What is the Oral Torah? First, it is not simply a “synonym for the Mishnah and the Talmud” (as the glossary in the Jewish Study Bible suggests), though to be sure those texts are major vectors of it. Nor is it the “authoritative interpretation of [Written] Torah” (idem). This last would appear to be a concept derived from Christian hermeneutics.

Perhaps the best short definition derives from David Stern. “[T]he Rabbis believed that the Bible--or what they called the Written Torah--was only one of two revelations God had given to the children of Israel on Mt. Sinai.
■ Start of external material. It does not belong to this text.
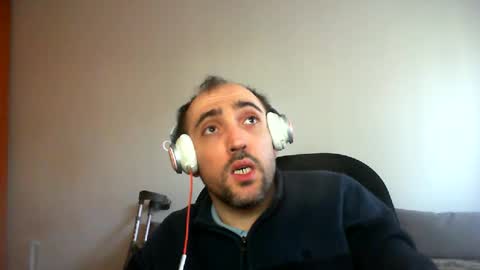 Snapshot of bentish chatting on 01/07/25, 12:41 bentish online show from 01/07/25, 12:41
Alongside the Written Torah, they believed, God had also revealed to the Israelites an Oral Torah, which as its name indicates, was delivered and transmitted orally. Precisely how to define the Oral Torah is one of the great debates among Jewish scholars. For our present purposes we may say that it comprises everything that the Rabbis believed was ‘Judaism’ that is not explicitly written in the Torah; admittedly, this is a vast and heterogeneous body of material that encompasses everything from the many laws not spelled out in the Bible to the Rabbis’ own beliefs and theology as well as all their folk wisdom and lore.” As the last point reveals, this is an ocean without bounds. Almost anything said by a rabbi, at any time or place, could be part of the Oral Torah.
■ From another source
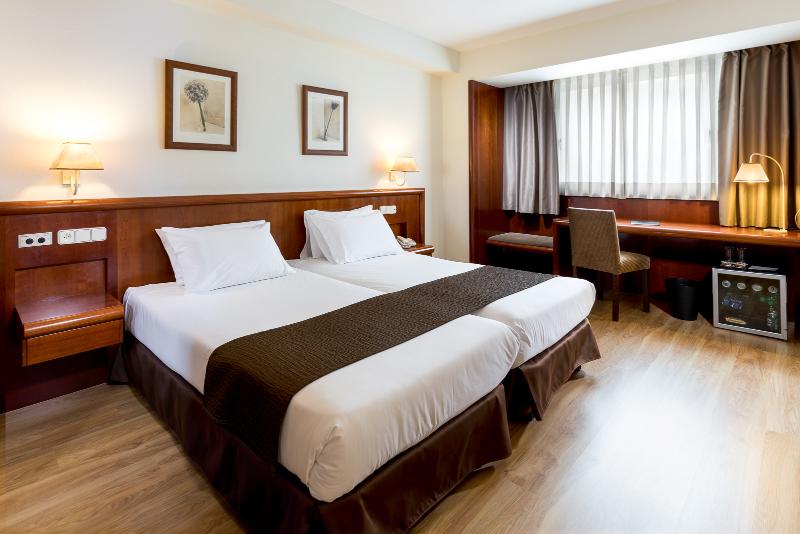 اتاق اجرایی با تخت بزرگ, Holiday Inn Express & Suites Wilmington University Center, An Ihg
Of course, some would take a more restrictive view, holding that the Oral Torah was essentially complete by ca. 600 CE, when the canon of the two Talmuds was closed. Yet no one is compelled to adopt this minimalist approach. And it remains the case that, in the Jewish view, the Mishnah and the Talmuds, despite their lofty status as examples of wisdom and scholarship, are in the end merely vectors of the Oral Torah. They are, as it were, lodging places for a phenomenon of much greater extent. According to the traditional view, it starts with Moses, Indeed, as delivered to him, it was complete then. Yet full disclosure of its manifold contents may not have been achieved even now. In this view, there is nothing to prevent an opinion expressed in 2020 by a rabbi in Grand Rapids or Toulouse, let us say, from ranking as an authentic manifestation of some component of the Oral Torah.

There is, needless to say, a certain appeal residing in this view taking it in its largest sense.  That is the idea that we can, all of us, from time to time utter real truths.